Taking the Plunge with a Staff of One

Web GIS Helps Small City Deploy Maps Faster

By Matthew DeMeritt, Esri Writer


It’s a steep climb implementing an enterprise GIS—especially with a staff of one lone soul. Sometimes a city needs assistance to scale the summit. To ensure a lasting solution that grows with its needs, Mountain View, California, collaborated with Esri Professional Services and geospatial firm VESTRA Resources, Inc. (VESTRA), to transition from a limited desktop mapping system to a full enterprise GIS (EGIS). That partnership connected all of Mountain View’s business systems and laid a solid foundation for rapid web map deployment at the city.

To the Limit

Up until 2010, Mountain View’s GIS was primarily used by the public works department to track a small subset of the city’s assets and little more. With mapping being a vital visual reference in all government, GIS needed to be incorporated throughout the enterprise at the city. Even in its limited use in public works asset management, digital mapping suffered from bad data, poor maintenance, and lack of integration with other systems. The fragmentation would only get worse as other department systems were being upgraded that required geospatial data support to work properly.

After serving as the city’s IT manager for five years, the city chose Steve Rodriguez to develop a true EGIS capable of supporting all of the organization’s mapping and spatial analysis needs. Although Rodriguez knew nothing of GIS, his technical background and IT leadership skills were sufficient to begin tackling the problem. After consulting with several large municipal GIS users and taking night classes at the local community college to obtain his GIS certificate—it was clear he’d need to collaborate with consultants to ensure the new system was designed properly from the ground up. He eventually chose VESTRA to draft a plan that would lay the foundation for Mountain View’s EGIS.

Stop the Bleeding

The team started by assessing the city’s GIS infrastructure and identifying areas that needed the most attention—what Rodriguez calls the “Triage Phase.” The team interviewed all public works division managers and supervisors who had operated the GIS in some capacity and knew where their departments were hemorrhaging money and time. Meanwhile, Rodriguez provided his vision for the GIS: a centralized solution that leveraged the city’s existing Esri investments to create a solid web map portfolio. Based on that vision, VESTRA drafted “A GIS Strategic Plan for the City.” A key component of that plan was Esri’s ArcGIS platform and Local Government Information Model (LGIM) data standard.

“I’m new to the field and needed a solid foundation to start with,” said Rodriguez. “For us to be fast and productive, Esri and VESTRA recommended all development be based on LGIM data structures and easy-to-configure templates.”

By combining data standardization with easy-to-deploy maps and apps, the city eliminated the need to build solutions from scratch.

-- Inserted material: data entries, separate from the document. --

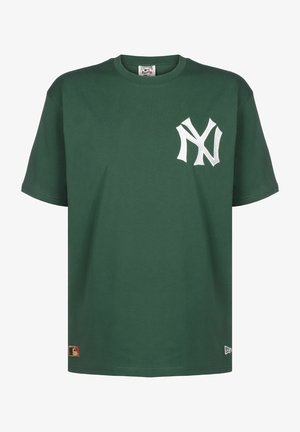 T-shirt vert foncé à manches courtes avec le logo blanc des New York Yankees sur le côté gauche de la poitrine et de petits logos MLB et New Era près de l'ourlet.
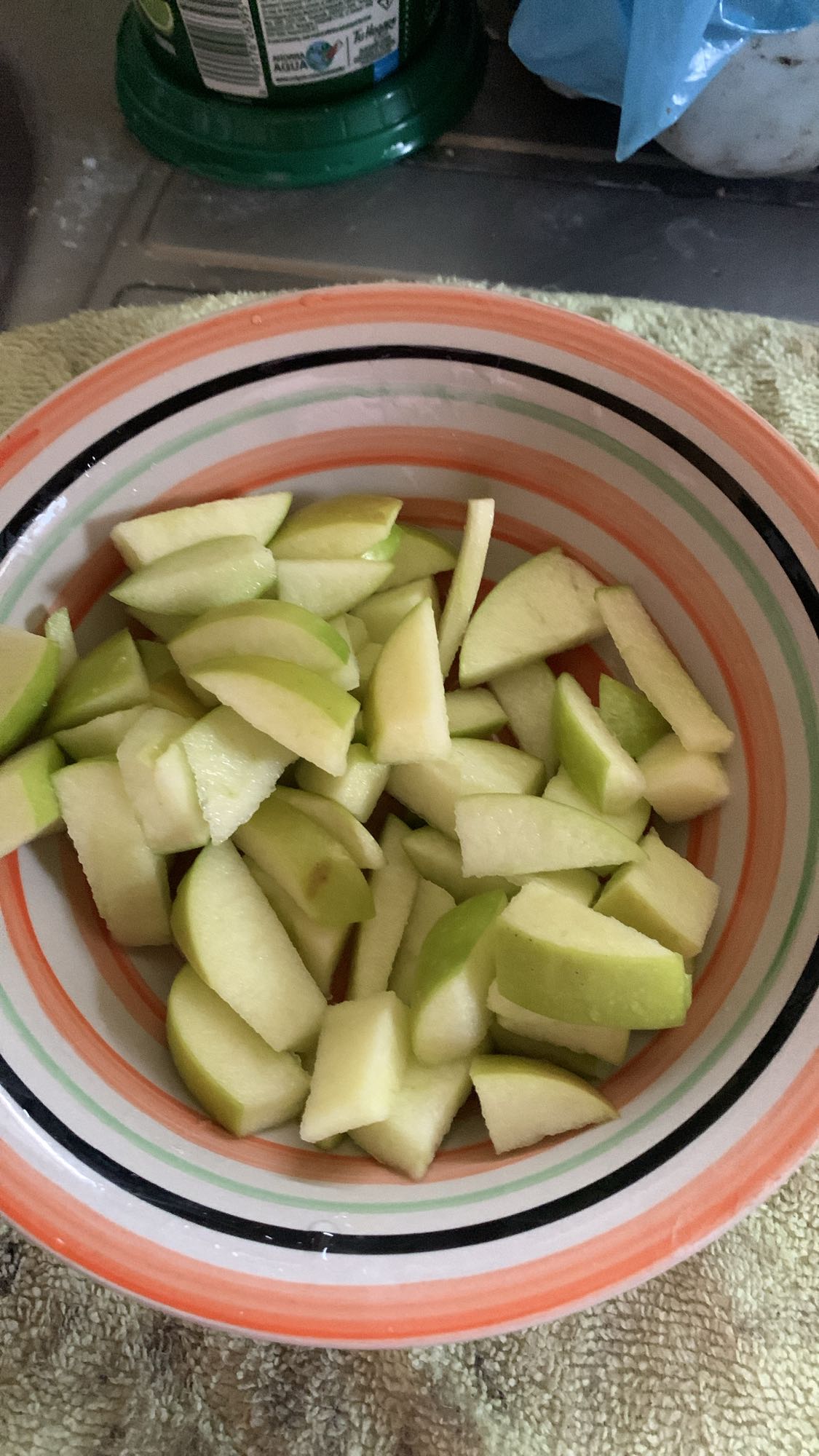 Manzana verde picada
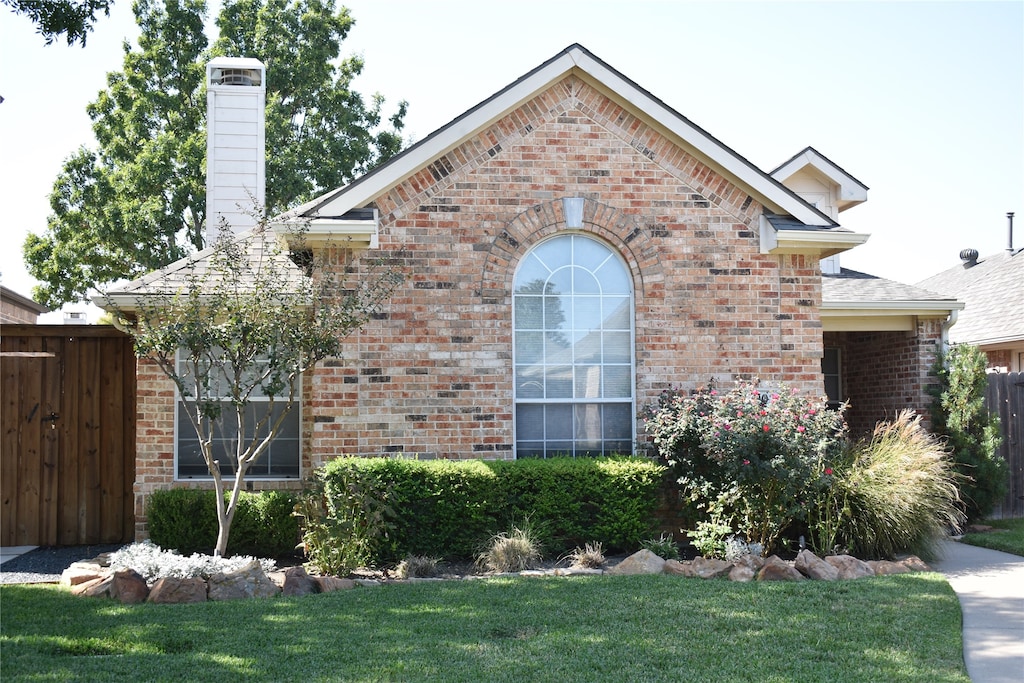 view of front of property with a front yard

Rodriguez had set three main goals for his project: centralize all GIS data assets and technical resources, develop workflows to maintain the data, and build new confidence in GIS throughout the city. By 2011, Mountain View was following a solid road map to change the face of its GIS.

Attack of the Clones

Over the next three years, Rodriguez worked with nearly every department in the city to understand what datasets they used and how they used them. He and his team pored over hundreds of gigabytes of old files and maps, looking for any critical data that might be orphaned in project folders. They reviewed every layer in the old GIS database and began migrating all digital assets into the LGIM. Predictably, many duplicate datasets were found.

“To give you an example of the data redundancy that existed, we started with five databases of street and address data,” said Rodriguez. “Public safety, public works, finance, IT, and planning all had different versions of the same data, and none were complete.”

After all its consolidation efforts, the team ended up with one clean database. That reduction was an important milestone for the city, as it was the first time it had a single address database that all departments could use. It also allowed the team to change the city’s perception of GIS from a mapping system to more of a data analysis tool for everything from elections to land administration.

“A great example of analysis is when we needed to develop a tool that could determine the size of buffer needed to encompass 25 percent of the parcels in our city around a given project area,” said Rodriguez. “This tool automatically runs multiple analyses to see if a council member lives in a conflicted area and ultimately determines [whether] they can participate in a vote or not.”

Quickened Development Cycle

By 2013, the department launched the first general-purpose map viewers. Within days, department-specific apps began flowing from the team—all of them based on Esri templates. Confidence in the system swelled, leading to more departments and divisions providing their data and asking to be included in the app creation process.

“Being in the unique position of both IT and GIS manager, I was able to effect change on both sides of the house very quickly,” said Rodriguez. “It was like an engine; once we got it started and running, it just picked up speed.”

As the team wraps up the initial GIS master plan, Mountain View’s GIS has reached a point at which application development cycles can quickly move from concept to prototype in less than a day. That process used to take weeks, as the group struggled with a lack of standards and broken maintenance workflows.

“With all our data organized and formatted in a simple model, we don’t waste time deciding how to store the data or express data anymore,” said Rodriguez. “That frees us up to continue to look for other ways to add value to the organization with GIS.”

Mountain View GIS staff can concentrate on production now, configuring their products to meet the needs of the city.